> YOUR INSTRUCTIONS
Please print, exactly as written, the line containing "音像警校五人组 友情篇知信阳光" and each line after it through the end of the material; pictures stay out.

┄┄┄┄┄┄┄┄┄┄┄┄┄┄┄┄┄┄┄┄

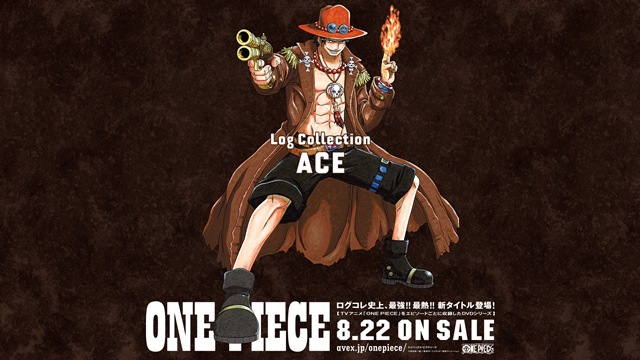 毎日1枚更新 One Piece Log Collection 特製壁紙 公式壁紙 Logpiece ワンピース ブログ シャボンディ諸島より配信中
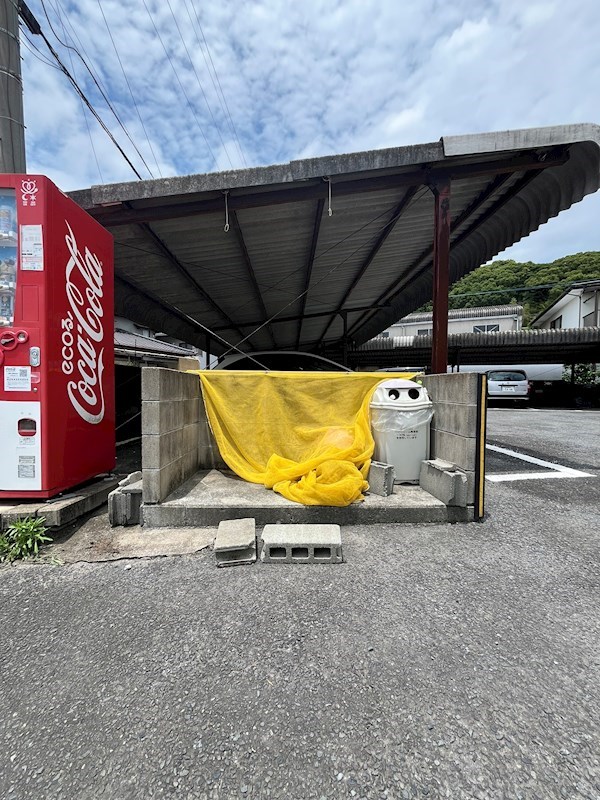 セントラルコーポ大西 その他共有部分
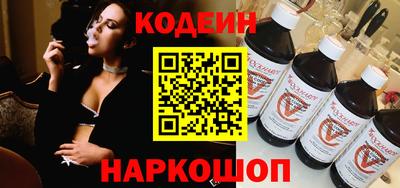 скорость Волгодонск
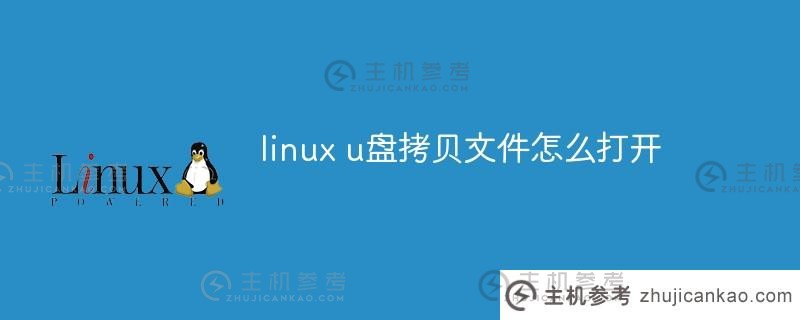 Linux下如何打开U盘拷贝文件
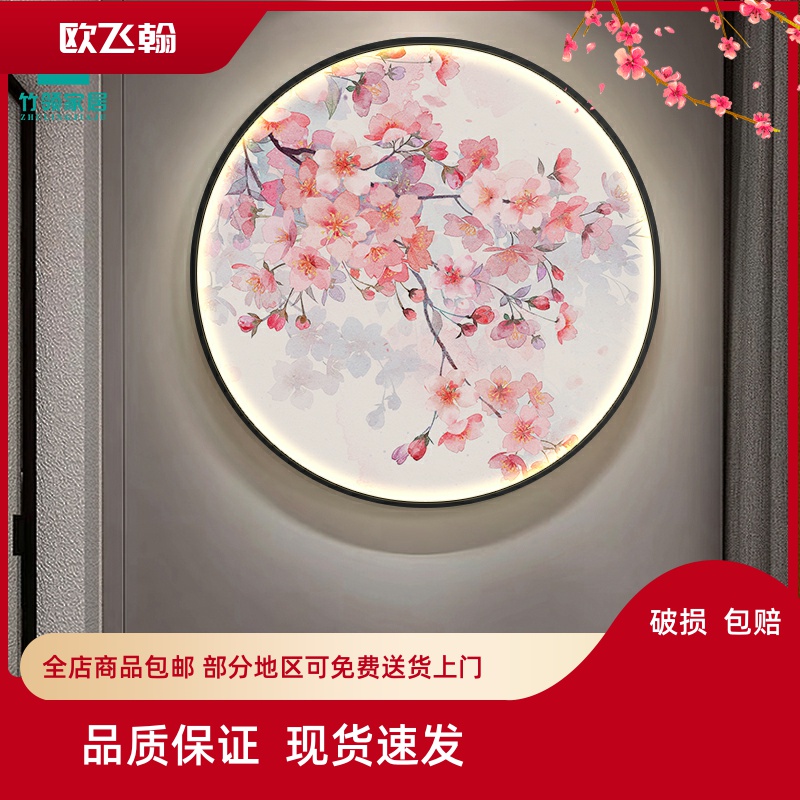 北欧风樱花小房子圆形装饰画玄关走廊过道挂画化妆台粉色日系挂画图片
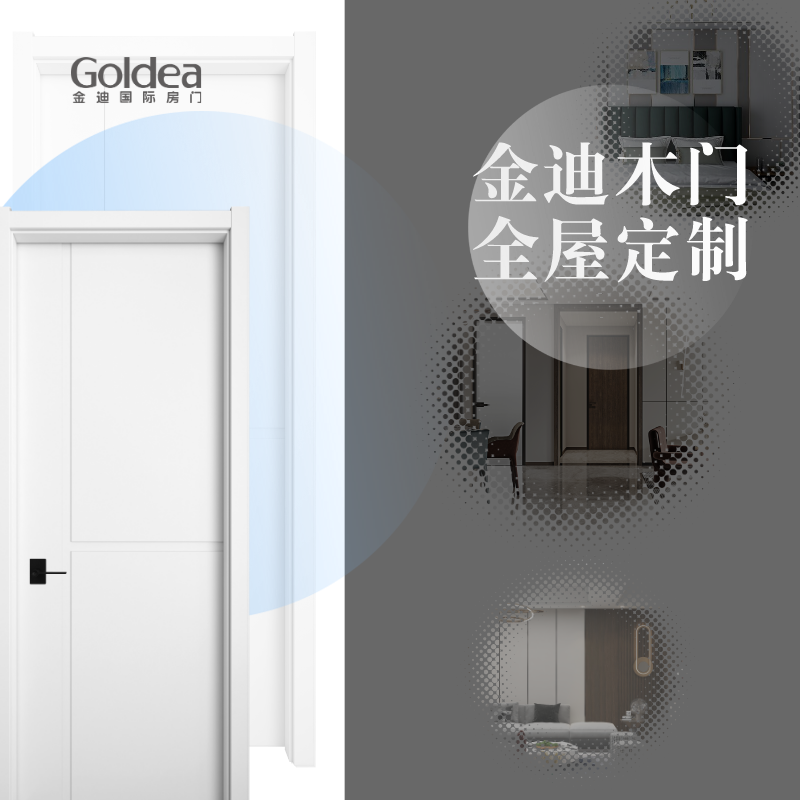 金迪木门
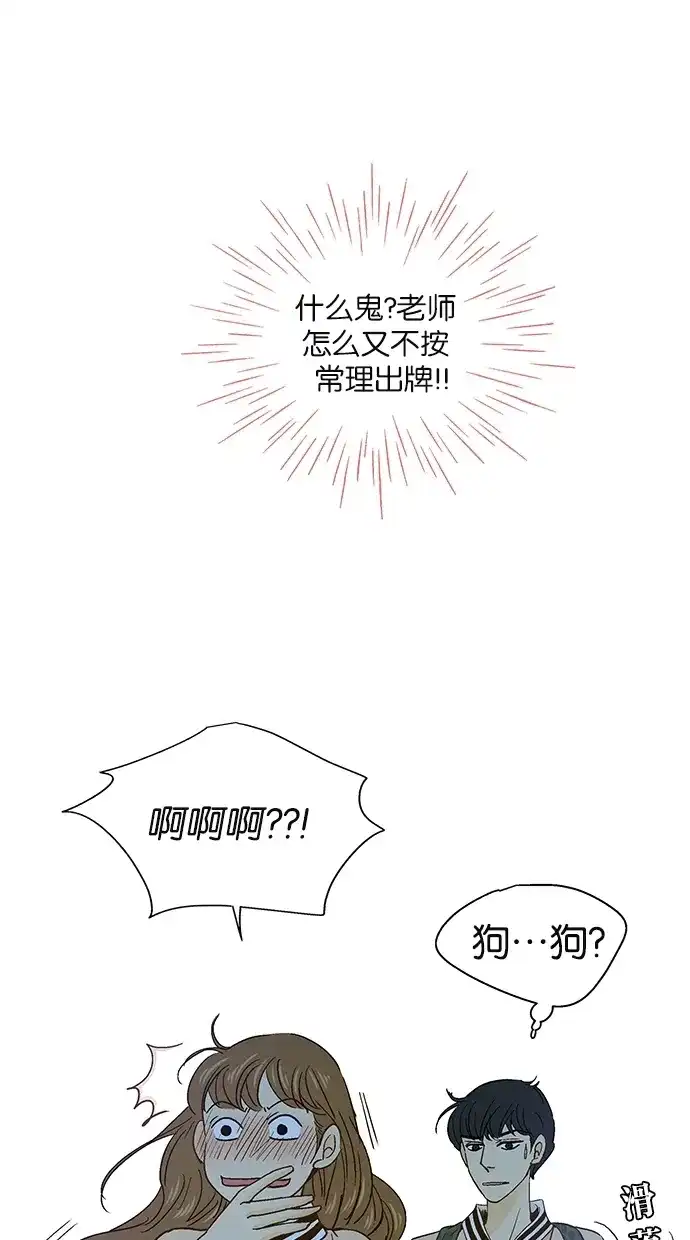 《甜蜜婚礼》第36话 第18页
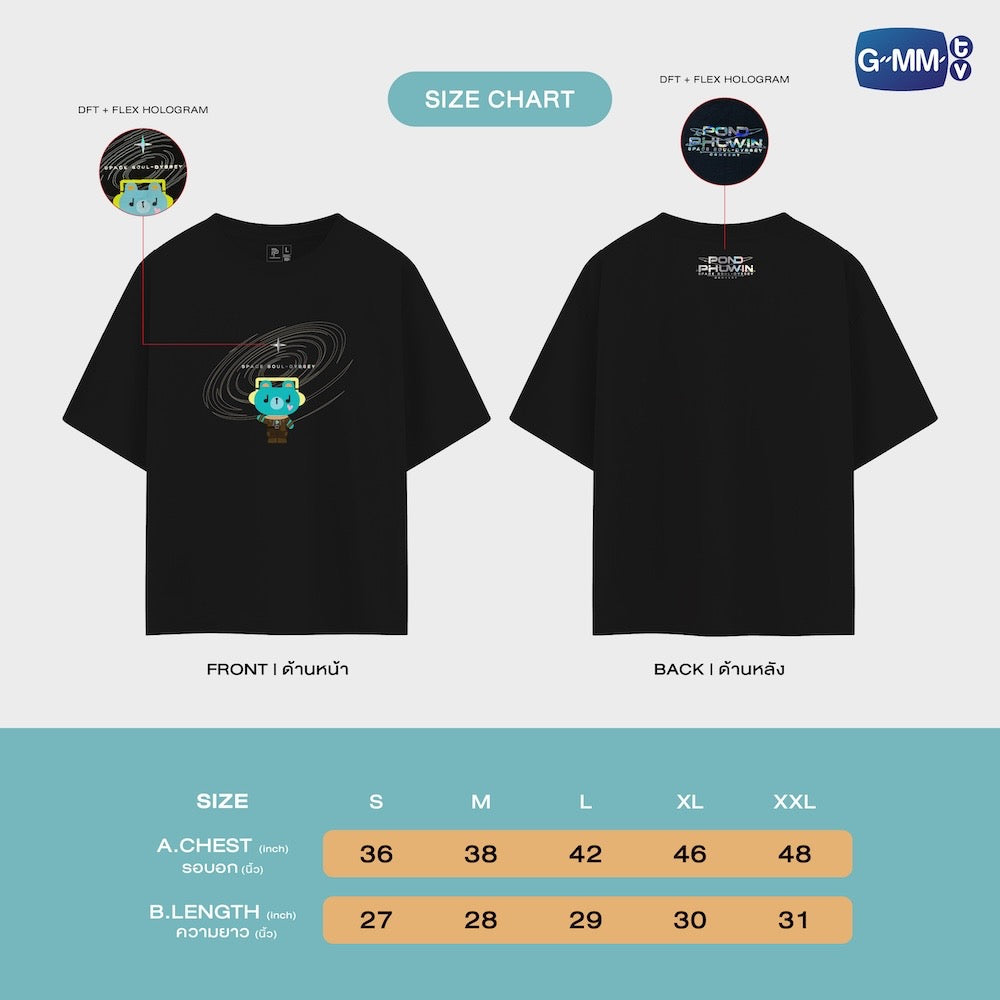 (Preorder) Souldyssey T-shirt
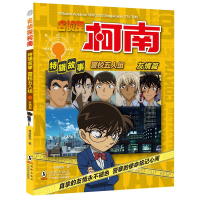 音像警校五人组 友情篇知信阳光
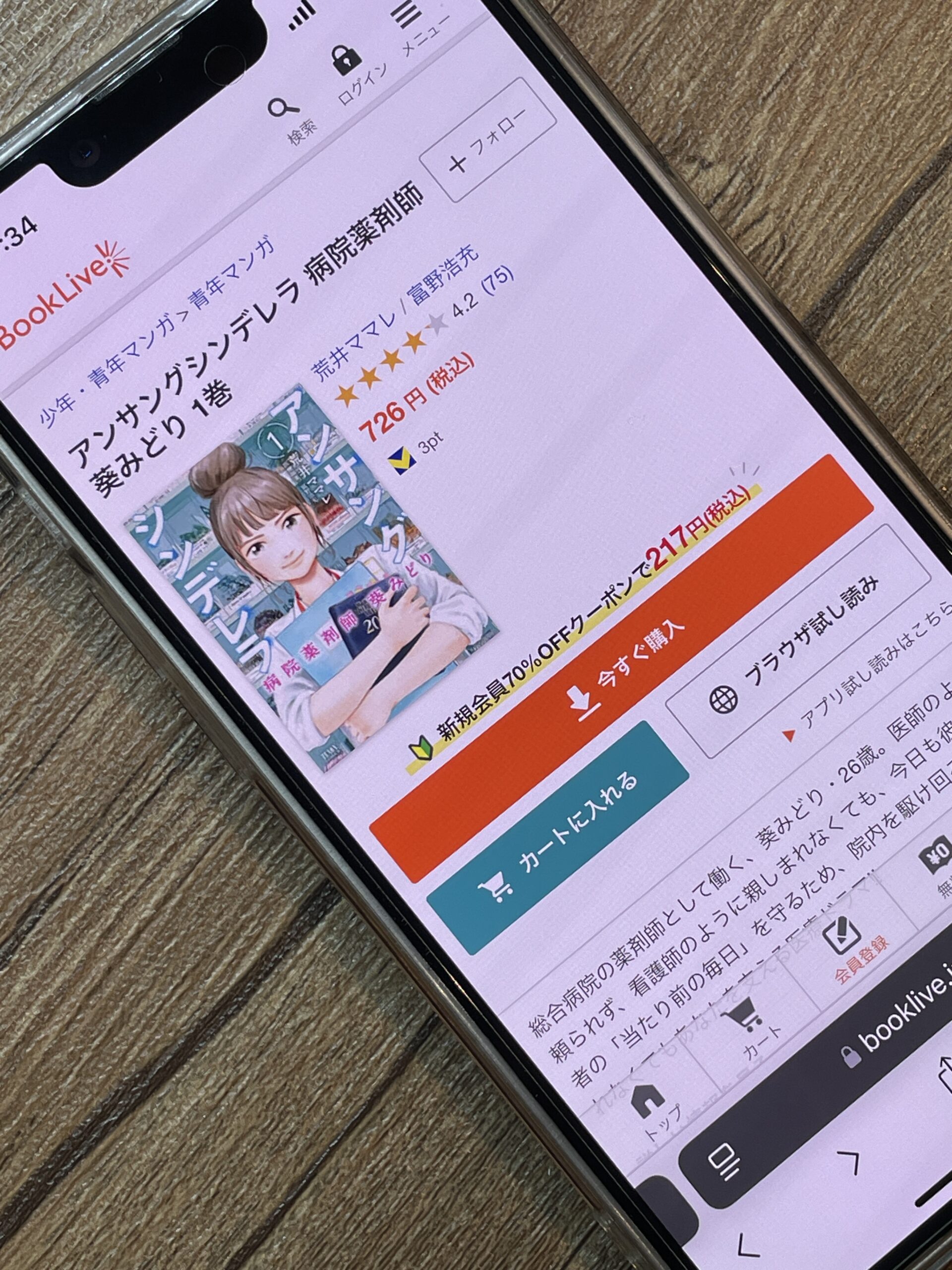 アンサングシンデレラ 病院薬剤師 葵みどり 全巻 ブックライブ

┄┄┄┄┄┄┄┄┄┄┄┄┄┄┄┄┄┄┄┄

> THE ANSWER
 音像警校五人组 友情篇知信阳光
 アンサングシンデレラ 病院薬剤師 葵みどり 全巻 ブックライブ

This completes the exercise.